I suppose it was probably inevitable since we have travelled so much ground that King Charles's head should come into the debate. I find that interesting because in the course of examining the history of Trinity College, Dublin, I found that originally they had power to legislate for themselves. That power was taken from them by King Charles I and shortly afterwards he lost his head. I hope the Minister does not by his obduracy here today suffer anything remotely approaching that fate.

He might lose his seat in Cork.

It would take more than the universities to do that.

There are one or two points which I should like to answer. There was a great deal of sympathy for the universities but very little readiness to help them in this regard. I still think that this Bill could in certain years increase the burdens on the universities. The Minister has said the universities should be able at the beginning of the year so to order their business and calculate the timing of their meetings as to be able to foretell exactly when Dáil Éireann and Seanad Éireann would rise in July. Even the Taoiseach finds it very difficult to forecast that in the middle of July. It is ridiculous to say that it should be possible for the Senate of the National University of Ireland so as to order its meetings with beautiful and exact timing as to get these things through in a particular manner. The Senate of the National University of Ireland consists of representatives of the Government, the Colleges and the graduates who come together five times a year to transact business. The times at which they come together are largely circumscribed by the times of terms and examinations because the university is the ultimate authority in granting degrees.

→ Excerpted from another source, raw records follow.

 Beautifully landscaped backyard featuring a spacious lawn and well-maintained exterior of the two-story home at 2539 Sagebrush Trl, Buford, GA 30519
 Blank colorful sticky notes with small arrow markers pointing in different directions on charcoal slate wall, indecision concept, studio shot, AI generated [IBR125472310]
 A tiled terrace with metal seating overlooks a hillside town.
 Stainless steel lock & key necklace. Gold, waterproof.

The meetings of the Senate must be held after the summer, autumn and winter examinations. They are not free to meet except within those relatively narrow periods. They met in 1965 on July 8th. By the time the statutes passed would have been drawn up properly and printed, it was probably close to 1st August before they could be presented to the Houses of the Oireachtas. Under present conditions forty days then elapse and that would bring us to the middle of September. If we allowed for four sitting weeks for the Seanad this period would end on 15th November which was three weeks after the next meeting of the University Senate on October 28th. The position is that a statute dealt with when the Senate of the National University of Ireland met on July 8th, 1965, could not be given its final reading by the Senate until December 2nd. This Act would have imposed a delay of six months on these statutes in that particular year.

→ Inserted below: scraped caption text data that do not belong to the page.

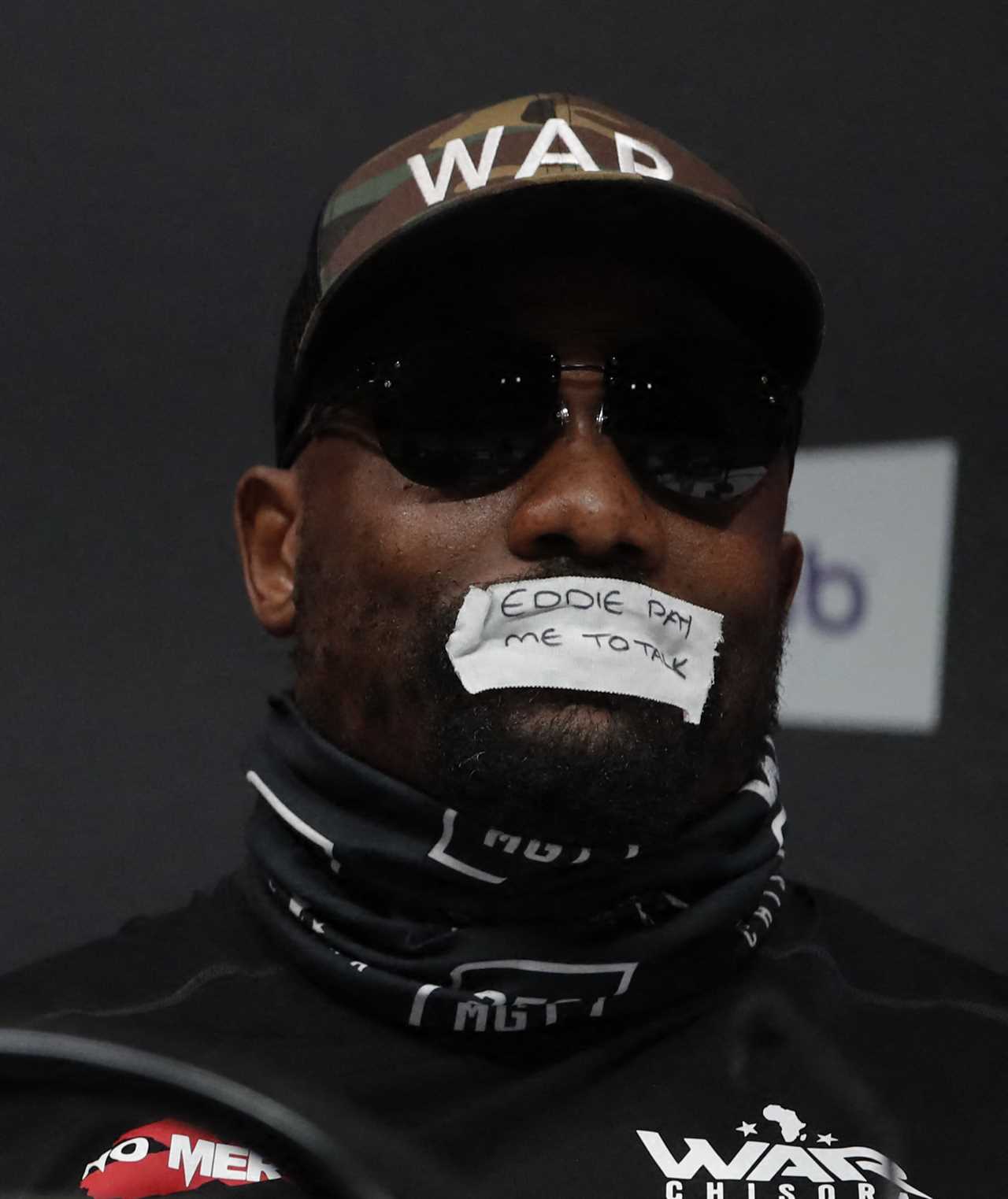 Derek Chisora taps his mouth with a taunting message for Eddie Hearn during a bizarre press conference about Joseph Parker fight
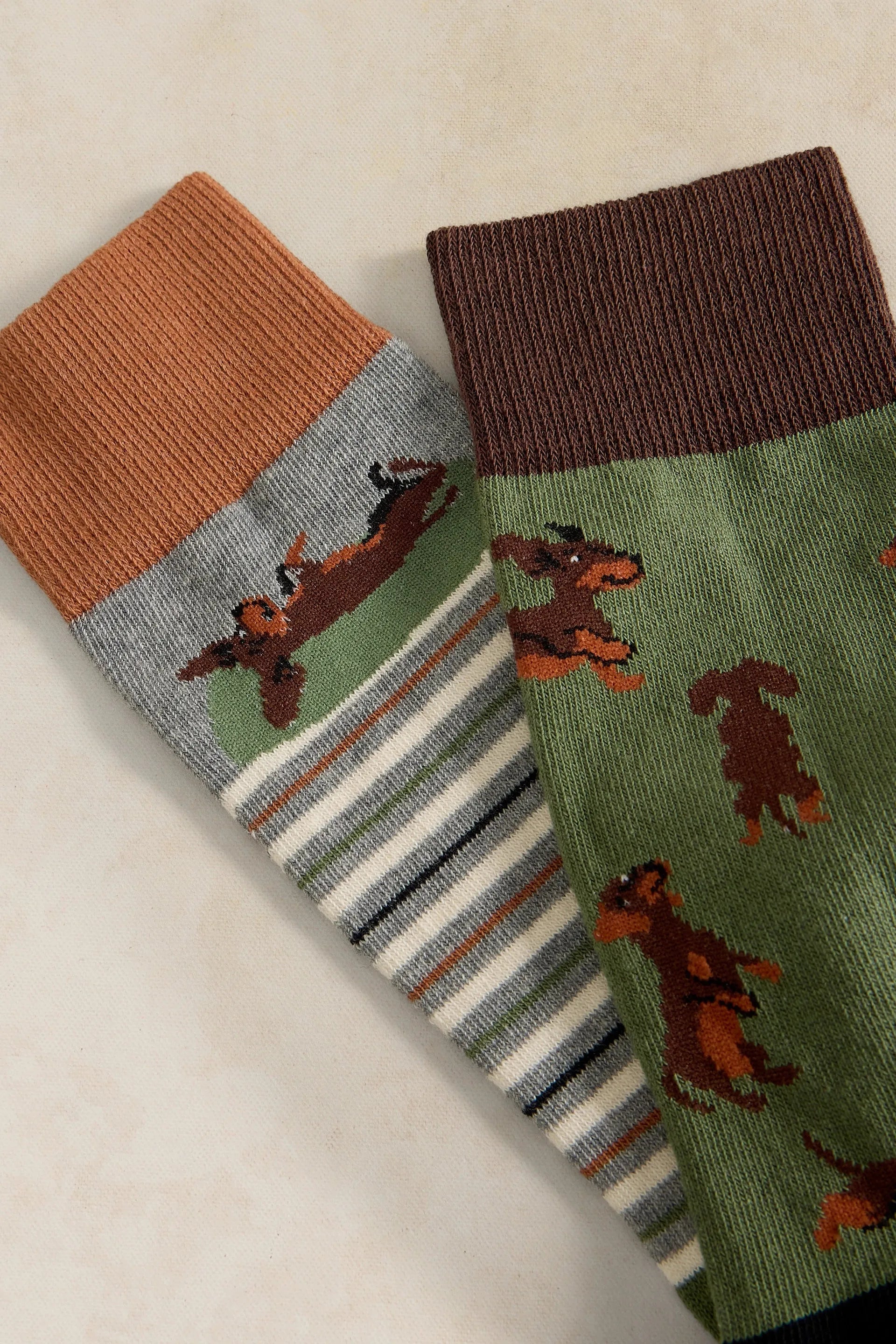 Two pairs of patterned crew socks laid flat on a light beige surface. One pair has a brown cuff and a green body with brown dog illustrations, plus white and gray stripes near the foot.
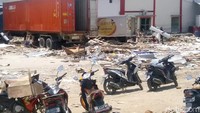 Sejumlah orang tampak membawa seng yang didapat dari pusat pergudangan tersebut.
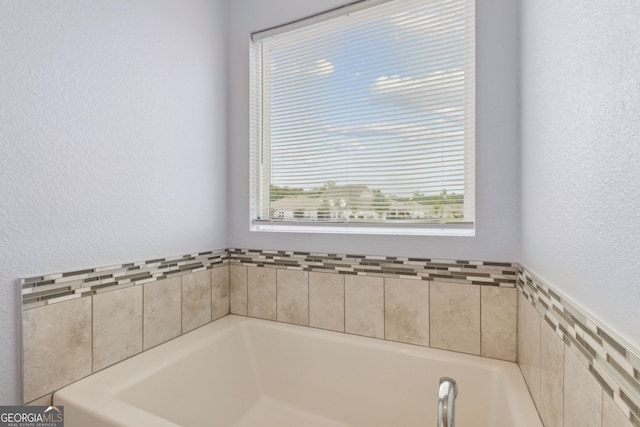 bathroom with a tub to relax in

Now, a great deal has been said here to the effect that the House should not be robbed of its power of reviewing what the universities are doing. The amendment does nothing of the sort. The power which the House had prior to the introduction of the Bill to review these is still left intact. I think if there were as much diligence shown in examining these statutes as there has been in trying to argue against what the university representatives are looking for today there might be a better case against the amendment.

We have been told it is necessary for Parliament to review these. What is the actual position? They have been laid on the Table of the Houses year after year since 1908. I do not know how many times these were debated in the Houses. My own memory is that on only one occasion I know of—I am open to correction on this—was there a debate on a university statute, and that was on the occasion to which Senator McQuillan referred when the presentation of a university statute was made the occasion of a full-scale debate on University College, Dublin— and then it was not a debate on the merits of the statute itself but on the position in University College, Dublin. Apart from that, legislators have shown no interest in these statutes. There appears to be no real benefit to Parliament because Parliament never makes use of its powers. The inconvenience to the university which, in 1965, would have meant a delay of six months, is not counterbalanced by any Parliamentary advantage.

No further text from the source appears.